Supplied data START

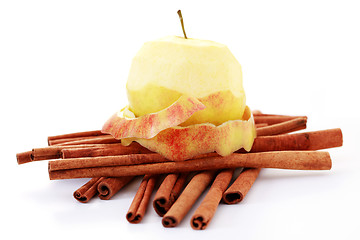 Image showing apple and cinnamon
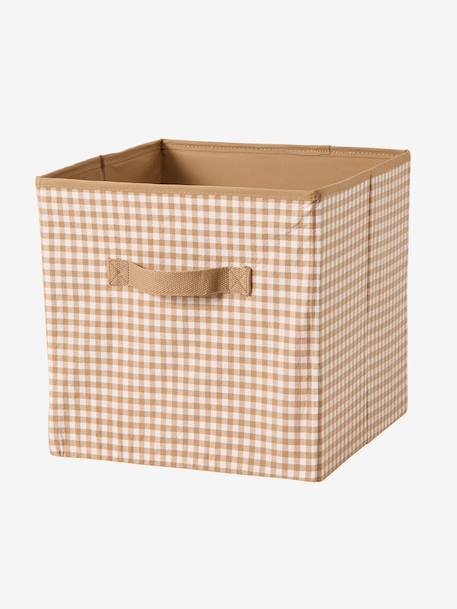 Lot de 2 bacs de rangement en coton moka - vertbaudet enfant 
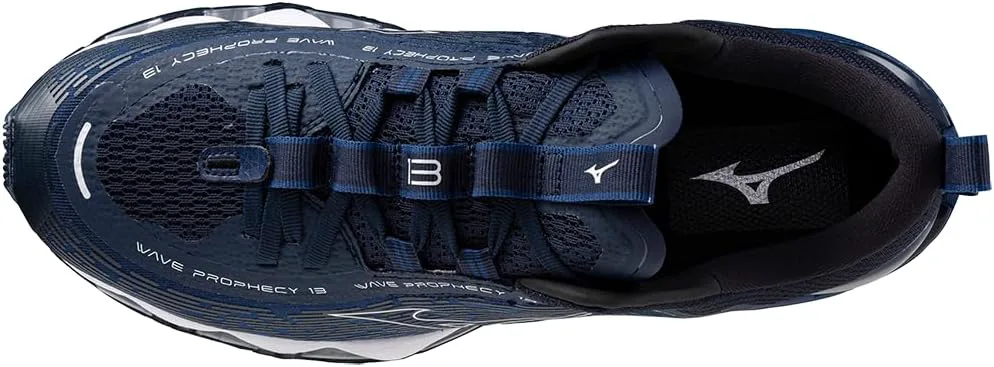 Мужские кроссовки Mizuno Wave Prophecy 13, темно-синий/белый — фото 3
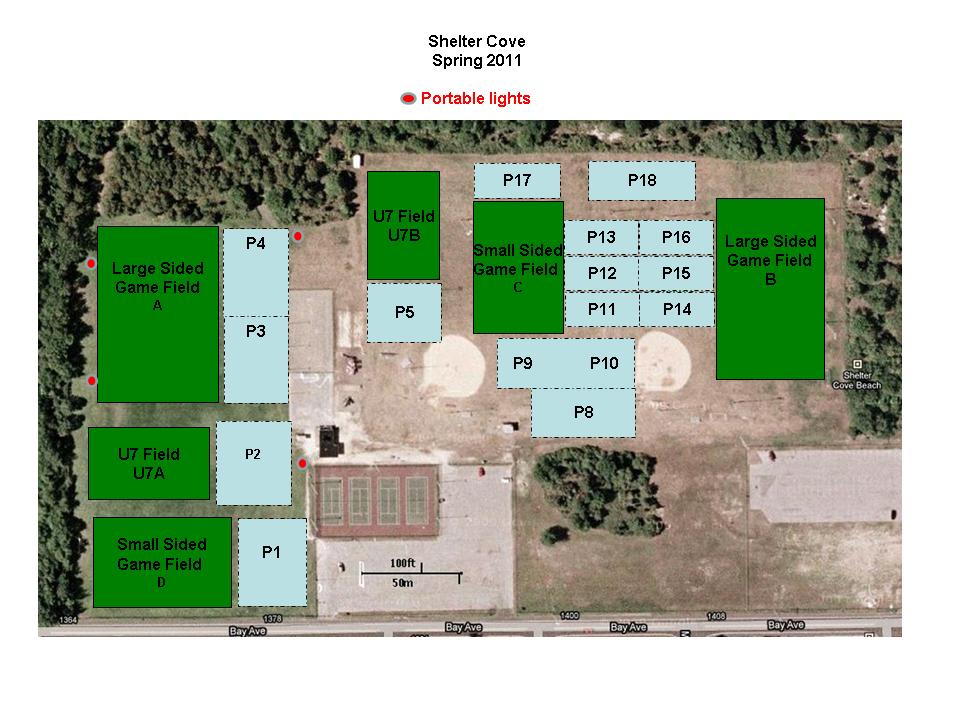 Shelter Cove Field Layout
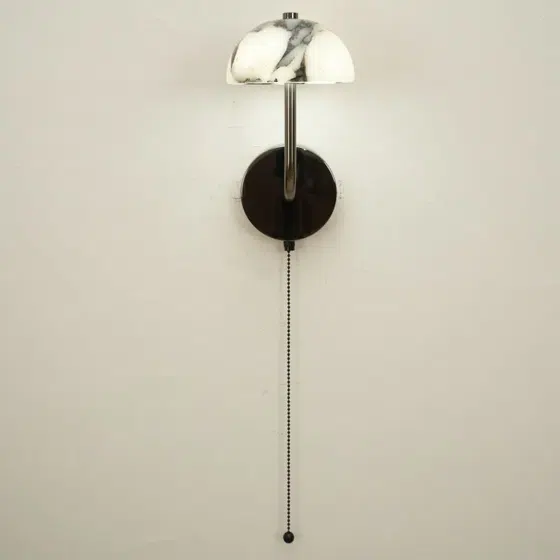 Umbrella LED Decorative Wall Lamp in Hardware and Bulgari Stone, product photograph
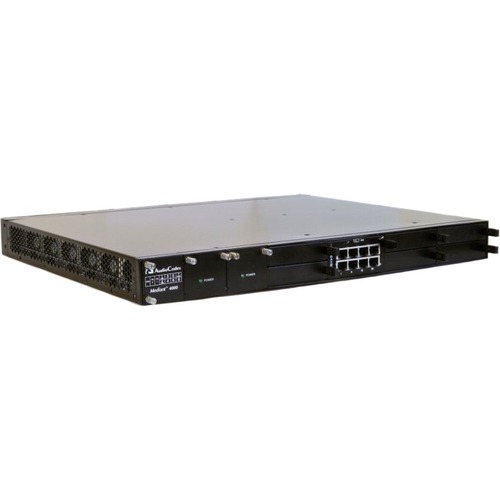 AudioCodes Mediant 4000 is a Session Border Controller - 8 x RJ-45 - Gigabit Ethernet - 1U High - Rack-mountable, Desktop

Supplied data END

Activity.
Could you copy all of the entries above exactly, without the pictures?

Solution below.
 Image showing apple and cinnamon
 Lot de 2 bacs de rangement en coton moka - vertbaudet enfant 
 Мужские кроссовки Mizuno Wave Prophecy 13, темно-синий/белый — фото 3
 Shelter Cove Field Layout
 Umbrella LED Decorative Wall Lamp in Hardware and Bulgari Stone, product photograph
 AudioCodes Mediant 4000 is a Session Border Controller - 8 x RJ-45 - Gigabit Ethernet - 1U High - Rack-mountable, Desktop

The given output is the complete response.